Unlike library stubs, header files should provide complete declarations of functions. All non-intrinsic types used in these declarations should also been declared. In addition, it is useful to declare such elements as constants and macros. Though are they are out of LSB scope, they can be useful for developers (but one should ensure that the macros don’t invoke forbidden interfaces). Thus, though we still don’t need function implementations, we have to declare complex types that sometimes have rather tricky interconnections, so generation of correct header files is a more complicated task then generation of library stubs. In case of C++, we also have to deal with templates that can affect runtime dependencies of applications. Every template should be analyzed to decide whether its usage can lead to calls to forbidden functions. This task was found to be rather complicated, and it is not completely solved at the moment, i.e. it is not guaranteed that C++ header files shipped with the LSB SDK cannot lead to usage of non-LSB functions. However, even if the latter happens and application obtains a dependency on a forbidden interface, this will be caught at the linking stage which will fail, since stub libraries don’t provide the forbidden interfaces.
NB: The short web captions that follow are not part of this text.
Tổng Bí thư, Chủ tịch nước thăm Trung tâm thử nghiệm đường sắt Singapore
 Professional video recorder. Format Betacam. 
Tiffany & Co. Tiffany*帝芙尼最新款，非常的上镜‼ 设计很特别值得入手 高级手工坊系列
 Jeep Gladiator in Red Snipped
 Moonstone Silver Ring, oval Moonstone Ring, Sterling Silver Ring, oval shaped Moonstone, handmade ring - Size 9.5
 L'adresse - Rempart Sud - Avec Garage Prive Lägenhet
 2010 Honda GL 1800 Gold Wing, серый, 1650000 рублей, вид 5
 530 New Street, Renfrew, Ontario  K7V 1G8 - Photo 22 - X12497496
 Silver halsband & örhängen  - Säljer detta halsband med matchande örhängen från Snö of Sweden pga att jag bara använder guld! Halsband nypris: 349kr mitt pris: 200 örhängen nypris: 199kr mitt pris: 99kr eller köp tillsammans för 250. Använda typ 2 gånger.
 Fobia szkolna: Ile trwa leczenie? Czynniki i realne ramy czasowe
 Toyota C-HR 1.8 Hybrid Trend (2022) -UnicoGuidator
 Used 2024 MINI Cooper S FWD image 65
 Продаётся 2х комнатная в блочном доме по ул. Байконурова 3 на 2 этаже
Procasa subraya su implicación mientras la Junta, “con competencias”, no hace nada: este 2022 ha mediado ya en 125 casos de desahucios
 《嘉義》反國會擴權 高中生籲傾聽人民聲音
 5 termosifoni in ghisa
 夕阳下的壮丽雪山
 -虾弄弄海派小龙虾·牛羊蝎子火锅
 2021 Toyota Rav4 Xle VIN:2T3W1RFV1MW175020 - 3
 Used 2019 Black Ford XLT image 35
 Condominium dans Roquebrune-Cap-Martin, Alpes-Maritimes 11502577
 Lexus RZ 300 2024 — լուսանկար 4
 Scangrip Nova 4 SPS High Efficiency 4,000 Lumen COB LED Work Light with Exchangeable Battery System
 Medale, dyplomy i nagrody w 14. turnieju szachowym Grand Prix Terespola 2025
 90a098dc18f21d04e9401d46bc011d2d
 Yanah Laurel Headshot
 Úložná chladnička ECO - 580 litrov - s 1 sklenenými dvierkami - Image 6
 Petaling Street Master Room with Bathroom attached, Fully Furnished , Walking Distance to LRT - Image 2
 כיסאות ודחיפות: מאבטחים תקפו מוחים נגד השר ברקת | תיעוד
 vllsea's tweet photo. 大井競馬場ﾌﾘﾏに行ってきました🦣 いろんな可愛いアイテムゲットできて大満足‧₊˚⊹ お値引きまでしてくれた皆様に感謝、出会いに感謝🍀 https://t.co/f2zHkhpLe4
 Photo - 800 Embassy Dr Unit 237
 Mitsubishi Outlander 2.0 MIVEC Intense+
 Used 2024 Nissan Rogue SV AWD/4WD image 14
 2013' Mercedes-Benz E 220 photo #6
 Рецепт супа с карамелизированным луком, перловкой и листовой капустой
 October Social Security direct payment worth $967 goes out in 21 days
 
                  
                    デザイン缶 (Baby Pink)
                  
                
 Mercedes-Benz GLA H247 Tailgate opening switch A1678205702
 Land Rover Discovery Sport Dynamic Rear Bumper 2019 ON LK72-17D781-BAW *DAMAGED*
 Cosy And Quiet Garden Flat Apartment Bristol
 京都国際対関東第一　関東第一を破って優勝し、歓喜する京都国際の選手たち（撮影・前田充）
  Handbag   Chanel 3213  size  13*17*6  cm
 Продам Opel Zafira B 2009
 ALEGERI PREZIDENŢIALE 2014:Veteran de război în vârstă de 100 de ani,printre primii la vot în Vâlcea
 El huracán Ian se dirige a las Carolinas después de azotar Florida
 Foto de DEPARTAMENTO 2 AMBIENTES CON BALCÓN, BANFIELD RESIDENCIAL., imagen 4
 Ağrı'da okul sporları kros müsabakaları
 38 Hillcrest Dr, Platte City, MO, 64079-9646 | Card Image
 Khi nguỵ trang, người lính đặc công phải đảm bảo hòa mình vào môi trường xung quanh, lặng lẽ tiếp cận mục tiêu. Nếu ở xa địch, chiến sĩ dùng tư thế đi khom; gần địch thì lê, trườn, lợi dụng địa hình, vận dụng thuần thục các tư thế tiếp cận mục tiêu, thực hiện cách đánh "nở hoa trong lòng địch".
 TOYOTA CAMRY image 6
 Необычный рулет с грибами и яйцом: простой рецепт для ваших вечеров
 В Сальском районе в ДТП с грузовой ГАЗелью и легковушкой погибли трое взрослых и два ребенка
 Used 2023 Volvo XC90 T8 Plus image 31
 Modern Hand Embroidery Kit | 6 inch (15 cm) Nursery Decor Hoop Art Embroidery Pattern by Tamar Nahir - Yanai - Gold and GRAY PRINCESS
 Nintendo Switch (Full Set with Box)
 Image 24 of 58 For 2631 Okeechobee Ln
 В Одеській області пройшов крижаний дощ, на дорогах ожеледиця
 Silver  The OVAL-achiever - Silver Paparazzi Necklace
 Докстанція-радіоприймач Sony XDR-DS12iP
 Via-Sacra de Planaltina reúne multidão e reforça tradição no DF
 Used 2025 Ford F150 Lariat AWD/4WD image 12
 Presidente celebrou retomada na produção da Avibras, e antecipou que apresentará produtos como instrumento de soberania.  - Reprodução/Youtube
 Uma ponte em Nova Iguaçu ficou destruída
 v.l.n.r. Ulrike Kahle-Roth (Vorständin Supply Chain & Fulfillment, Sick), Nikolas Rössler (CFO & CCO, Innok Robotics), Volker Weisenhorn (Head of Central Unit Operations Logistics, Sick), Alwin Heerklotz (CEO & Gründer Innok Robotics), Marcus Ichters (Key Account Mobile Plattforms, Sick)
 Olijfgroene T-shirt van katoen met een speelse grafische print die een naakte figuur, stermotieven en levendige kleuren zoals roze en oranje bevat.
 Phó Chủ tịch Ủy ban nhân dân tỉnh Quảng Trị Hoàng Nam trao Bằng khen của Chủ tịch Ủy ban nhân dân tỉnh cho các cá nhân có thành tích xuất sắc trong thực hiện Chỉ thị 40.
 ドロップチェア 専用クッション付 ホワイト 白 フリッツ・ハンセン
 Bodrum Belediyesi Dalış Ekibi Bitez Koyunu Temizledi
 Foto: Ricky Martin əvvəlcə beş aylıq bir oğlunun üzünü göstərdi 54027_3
In the very beginning, the LSB database was populated manually; at that time, no one thought about SDK generation, and for the specification and test generation purposes the data was complete enough. As LSB evolved, the size of necessary data became too large to be handled manually, and additional tools were developed to automate data collection process (import* scripts, libtodb tool [12]). These tools were mainly based on the analysis of binary library files with debugging information, with slight header files analysis. However, though debugging information from binary files could give enough data to generate specification text and some tests, a lot of manual adjustments were required to make generation of header files possible. To improve data collection process, a new set of tools called LibToDB2 were developed at ISP RAS under the contract with the Linux Foundation [13]. The new
tools analyze both binary files and headers, extracting data more accurately then their predecessors. The tools collect and upload to the database all information about analyzed headers and libraries. Then on the basis of lists of functions and global variables included in LSB, a separate tool discovers the types that should be present in header files to declare included interfaces. Surely, LSB workgroup can point out that some additional types are useful for developers and should be included in headers; these types should be marked as included manually. The same situation is with macros and constants, that are mainly selected manually, though there is a tool to check that included macros don’t require non-LSB interfaces.
One more challenge was to make the LSB SDK to be a multiversion tool, that is, able to generate code complaint with any given LSB version. The LSB database contains data about all released versions of LSB (as well as about the one under development), so it can give us all necessary information about LSB history [10]. Thus, the task was to generate headers and stub libraries that could be used to target any LSB version. Depending on some environment conditions, the SDK should behave as if it represents a particular LSB version. The actual tool that user deals with is a compiler wrapper; to target a particular LSB version, user should only specify an option for it or to set appropriate environment variable, and the wrapper should perform all other necessary actions.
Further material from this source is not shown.